Having worked in tech support for fifteen years, I find I still enjoy my work. Yes, at times, I feel like a target at a live fire exercise, but at the end of the day, I still find fulfillment in knowing that I am able to help my users. Here are five tips to giving better tech support:
- Let the user talk, and listen to what they say
- Allowing your user to talk may yield clues not only to what has gone wrong, but also to reproducing the problem, and ultimately to fixing it.
- Ask open-ended questions
- By asking questions like “what were you doing when this happened?”, you invite the user to communicate with you, again prompting them to describe their problem
- Don’t expect knowledge or skillset
- The level of a user’s knowledge will vary, depending on their job role, which might be virtually anything. Even with highly educated users, if their degree is not in ICT, they might be barely able to format a Word document
- Ask leading questions
- Instead of saying “could you give me your IP address”, say “do you know how to find your IP address”, allowing an opportunity to teach the user something
- Be understanding
- Many users have little or no knowledge of computing, and will oftentimes be apologetic about that fact.

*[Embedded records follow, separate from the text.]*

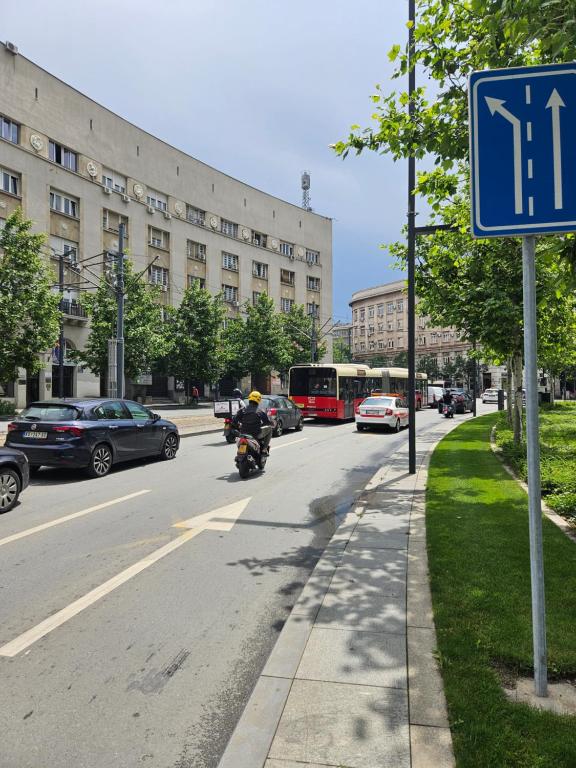 un hombre en moto por una calle de la ciudad en MOOW Belgrade Waterfront View Apartments, en Belgrado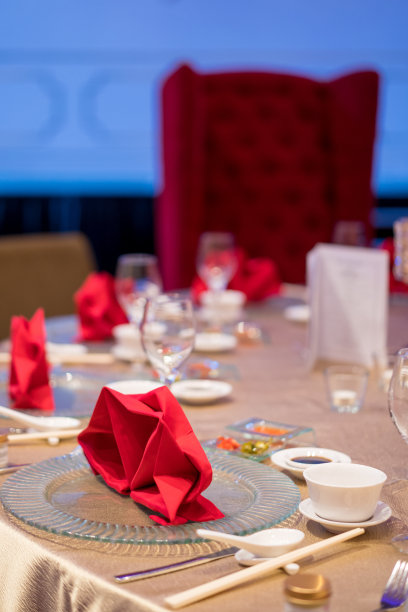 婚宴宴会厅的餐桌装饰图片下载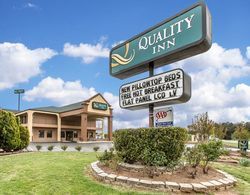 Quality Inn Adairsville Genel
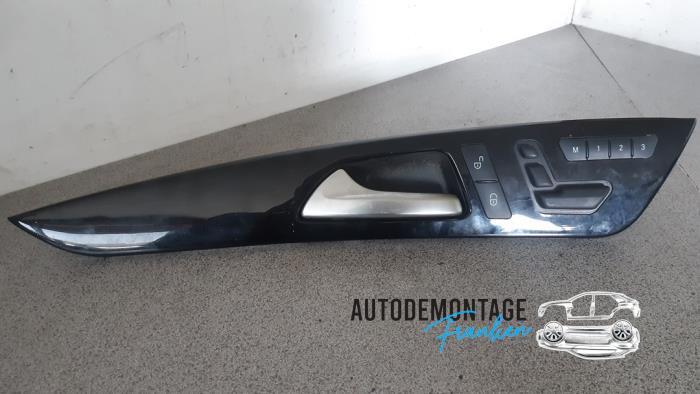 Begagnade Brytare, eldrivet säte Mercedes CLS (C218) 350 CGI BlueEfficiency 3.5 V6 24V Pris € 50,00 Marginaltabell erbjuds av Franken Autodemontage B.V.
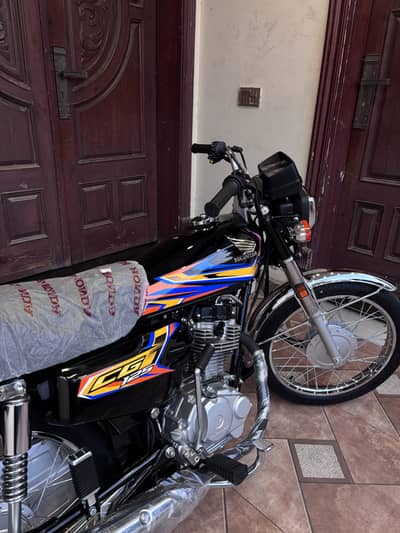HONDA CG125 BRAND NEW SHOWROOM SE LOAD HOKR GHR AYA HAI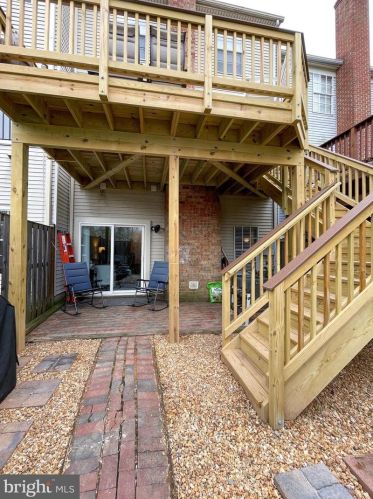 8816 Ridge Hollow Ct, Springfield VA  22152-1424 exterior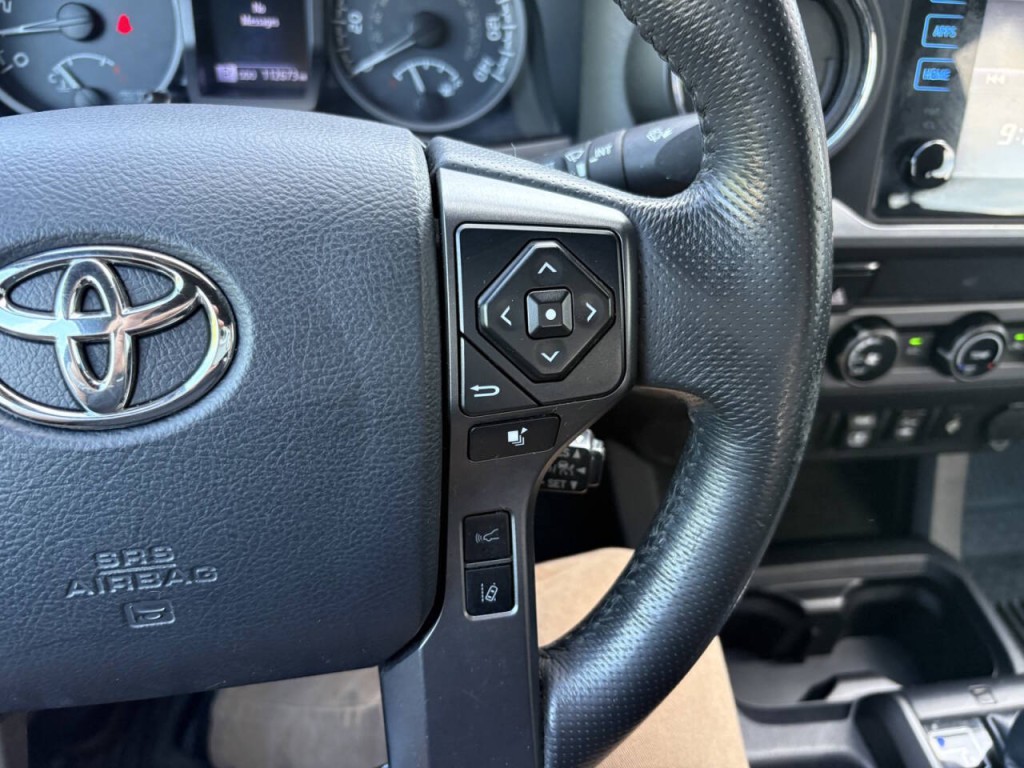 2018 Toyota Tacoma Image 14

Try to assure them that you are there to help, and help them to the best of your abilities.
At the end of the day, while technical abilities are important, you must also practice patience, kindness, and an ability to describe issues and their resolution at a level that the end user can understand. No two end users are alike, so you will often have to tailor your explanation to each end user. Keep that in mind, and remember that you are there to help.